Die Vorinstanz hat erwogen, die Verfügung vom 23. September 1999, mit welcher die IV-Stelle der Beschwerdeführerin eine halbe Rente zugesprochen habe, sei nie rechtskräftig geworden. Die Rückforderung der sich nachmalig als unrechtmässig erwiesenen Leistungen bedürfe somit keines Rückkommenstitels. Da es um eine erstmalige Rentenzusprache und nicht um die revisionsweise Aufhebung einer Rente gehe, sei für eine Leistungsanpassung ex tunc auch keine Meldepflichtverletzung nach Art. 77 IVV und Art. 31 Abs. 1 ATSG erforderlich (vgl. Art. 88bis Abs. 2 lit. b IVV). Entscheidend sei, dass die Verfügung vom 23. September 1999 (und die darauf gestützte Ausrichtung von Rentenleistungen) stets unter dem Vorbehalt der rechtskräftigen Bestätigung, allenfalls durch das kantonale Versicherungsgericht oder das Bundesgericht, gestanden habe, welche indessen nicht erfolgt sei. Das Gutachten vom 29. März 2012 sei zwar Grundlage für die nachmalige Leistungsverweigerung gewesen. Indessen habe es noch der Prüfung des Leistungsanspruchs anhand der Expertise bedurft. Erst mit deren Abschluss und Erlass der entsprechenden Verfügung am 25. Juli 2012 habe die relative einjährige Verwirkungsfrist nach Art. 25 Abs. 2 ATSG zu laufen begonnen. Die Rückforderung sei daher rechtzeitig mit Verfügung vom 23. Mai 2013 geltend gemacht worden. 
 
Die Beschwerdeführerin führt gegen die Argumentation der Vorinstanz das Urteil 9C_875/2010 vom 28. März 2011 ins Feld. Nach diesem einen vergleichbaren Sachverhalt betreffenden Entscheid habe die relative einjährige Verwirkungsfrist gemäss Art. 25 Abs. 2 ATSG spätestens mit der Eröffnung des Urteils I 116/01 vom 27. November 2001, für alle danach ausgerichteten Leistungen mit der Auszahlung zu laufen begonnen. Bei Erlass der Verfügung vom 23. Mai 2013 sei daher der Rückforderungsanspruch der Beschwerdegegnerin in Bezug auf alle bis März 2012 erbrachten Leistungen verwirkt gewesen. 
 
 
4.   
 
4.1. Im Fall 9C_875/2010 hatte die IV-Stelle einem Versicherten ab 1. Mai 2001 eine Viertelsrente der Invalidenversicherung samt Zusatzrente für die Ehefrau und zwei Kinderrenten zugesprochen (Verfügung vom 24. Juni 2005 und Einspracheentscheid vom 7. August 2006).
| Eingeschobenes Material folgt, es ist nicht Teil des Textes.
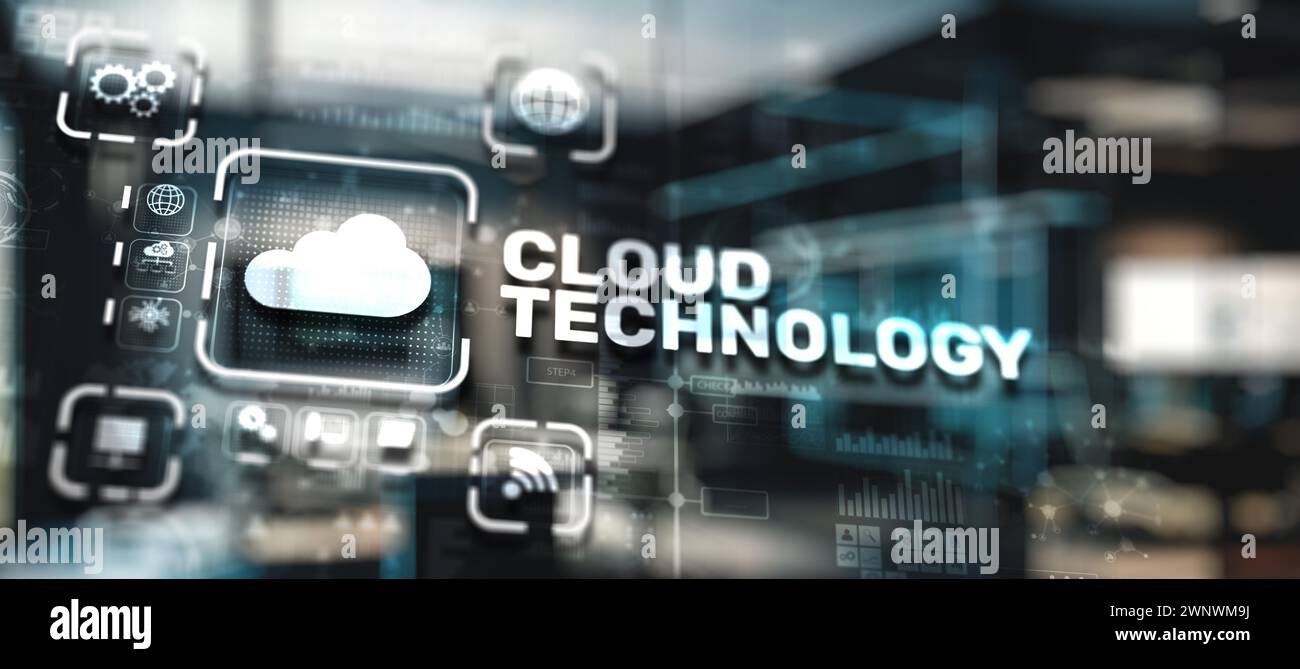 Cloud technology and online data storage for business computing network concept. Stock Photo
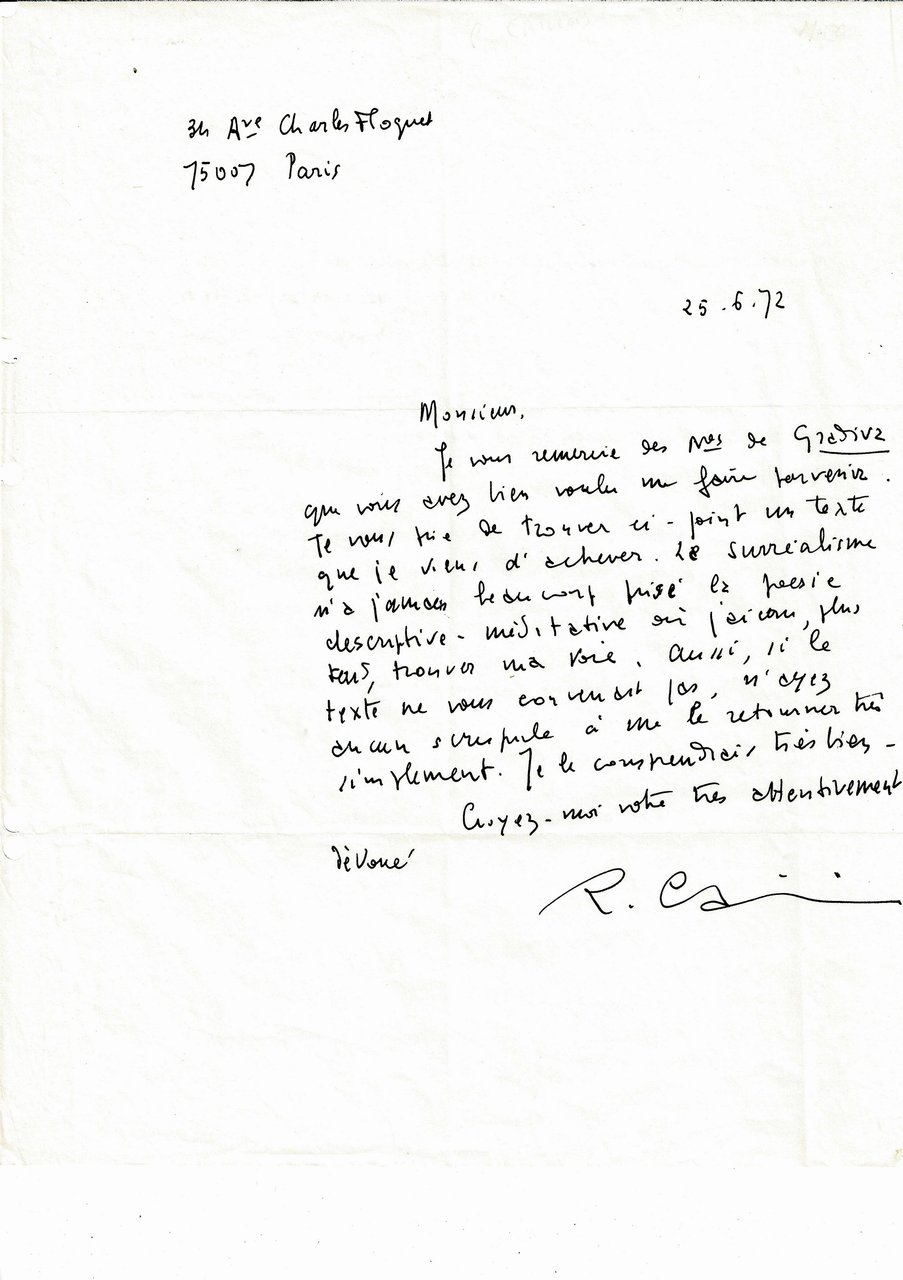 Lettre autographe signée adressée à Arnost Budik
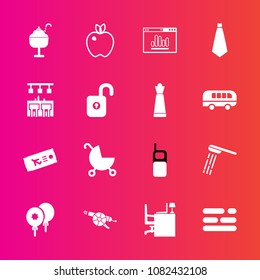 Premium set with fill vector icons. Such as bathroom, sweet, phone, table, telephone, template, tie, birthday, office, travel, organic, child, decoration, weapon, stroller, dessert, pram, war, apple
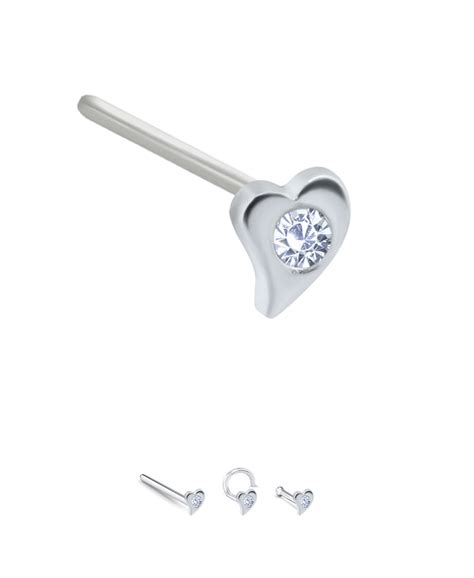 925 Sterling Silver Nose Ring Stud Heart Choose Your Style 22g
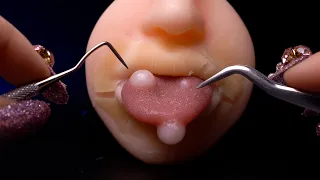 [ASMR] Perfect Sounds! Treat Silicone Mouth and Tongue on Mannequin [Shedding, Acne]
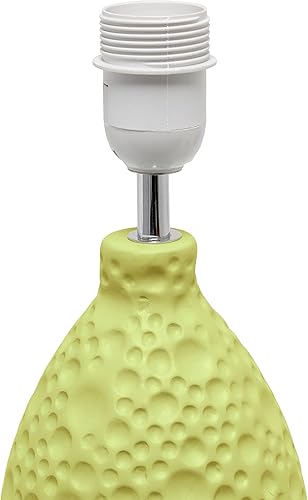 Miniatura 6 de Simple Designs LT2003-GRN Lámpara de mesa ovalada de cerámica de estuco texturizado con pantalla de tela blanca, verde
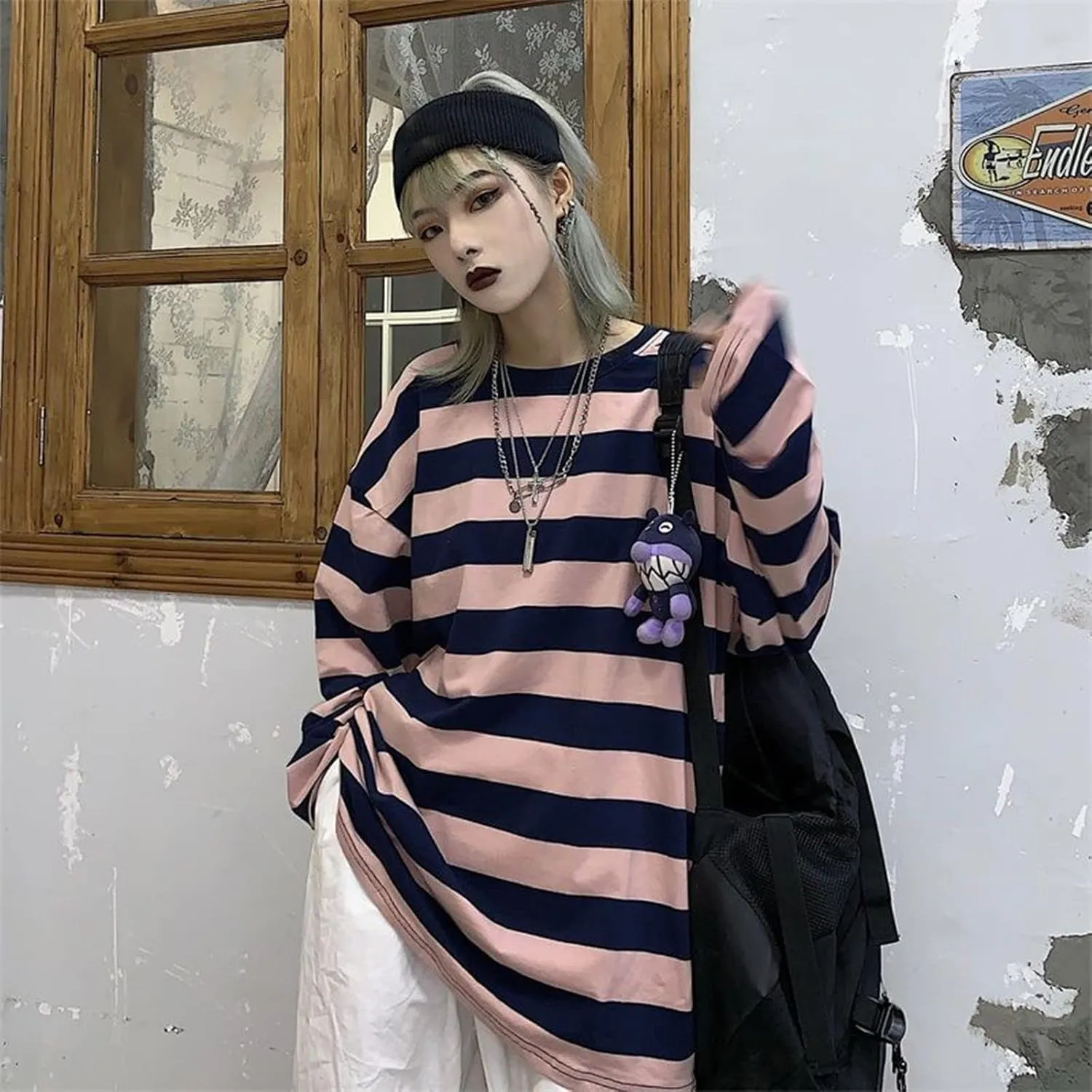Harajuku Oversized Striped T-Shirt Y2K Long Sleeve Crewneck Baggy Sweatshirt Clothes Vintage Streetwear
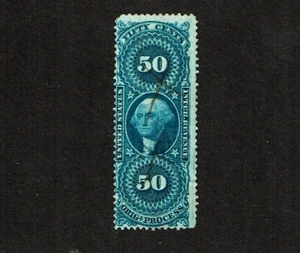 1862-71 Revenue First Issue Wash. 50c Blue ORIG PROCESS Sc#R60c Pen Cancel - Picture 1 of 1
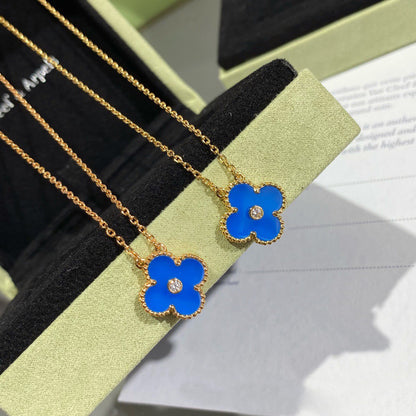 [Royal&Vicky]CLOVER 15MM DIAMOND AND BLUE AGATE NECKLACE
Auf Beschwerde hin hob das kantonale Versicherungsgericht diesen Verwaltungsakt auf und wies die Sache zu weiteren Abklärungen an die IV-Stelle zurück (Entscheid vom 2. Mai 2007). Nachdem der Versicherte begutachtet worden war, verneinte die IV-Stelle einen Rentenanspruch (Verfügung vom 17. März 2010), was vom kantonalen Versicherungsgericht bestätigt wurde (Entscheid vom 21. September 2010).  
 
Die IV-Stelle hatte entsprechend der Verfügung vom 24. Juni 2005 bis Oktober 2009 Leistungen erbracht, bis Ende März 2007 der Sozialhilfebehörde, welche den Versicherten und dessen Familie unterstützt hatte. Von dieser forderte sie mit Verfügung vom 10. November 2009 Fr. 15'610.- zurück. Das kantonale Versicherungsgericht bejahte eine Rückerstattungspflicht in der Höhe von Fr. 15'154.- (Entscheid vom 21. September 2010). Dagegen wehrte sich die Sozialhilfebehörde mit Beschwerde in öffentlich-rechtlichen Angelegenheiten. 
 
Das Bundesgericht führte in E. 4.2.2 seines Urteils 9C_875/2010 vom 28. März 2011 aus, es sei davon auszugehen, dass Leistungen nur ausgerichtet werden dürfen, wenn es hiefür eine Grundlage im Gesetz gibt, der Anspruch als solcher und in masslicher Hinsicht im dafür vorgesehenen Verfahren festgestellt wurde (vgl. betreffend Renten der Invalidenversicherung Art. 49 und 51 ATSG sowie Art. 58 IVG und Art. 74ter lit. f IVV) und wenn der leistungszusprechende Entscheid (Verfügung, Einsprache- oder Gerichtsentscheid) in Rechtskraft erwachsen ist. Hier sei der erste Fehler bereits mit der erstmaligen Rentenauszahlung gestützt auf die - in keinem Zeitpunkt rechtsbeständig gewordene - Verfügung vom 24. Juni 2005 bzw. den (angefochtenen) Einspracheentscheid vom 7. August 2006 passiert. Aufgrund des diesen Verwaltungsakt aufhebenden vorinstanzlichen Entscheids vom 2. Mai 2007 hätte die IV-Stelle bei der gebotenen und zumutbaren Aufmerksamkeit ohne weiteres erkennen können und müssen, dass die bisherigen Leistungen unrechtmässig erfolgt waren. Die relative einjährige Verwirkungsfrist nach Art. 25 Abs. 2 Satz 1 ATSG hatte somit mit der Eröffnung dieses Entscheids zu laufen begonnen, weshalb bei Erlass der Verfügung vom 10. November 2009 der Rückforderungsanspruch verwirkt war (vgl. auch Urteil 9C_877/2010 vom 28. März 2011, womit letztinstanzlich die von der IV-Stelle am 16. November 2009 gegenüber dem Versicherten verfügte, erstinstanzlich bestätigte Rückforderung über Fr. 12'474.- aufgehoben wurde).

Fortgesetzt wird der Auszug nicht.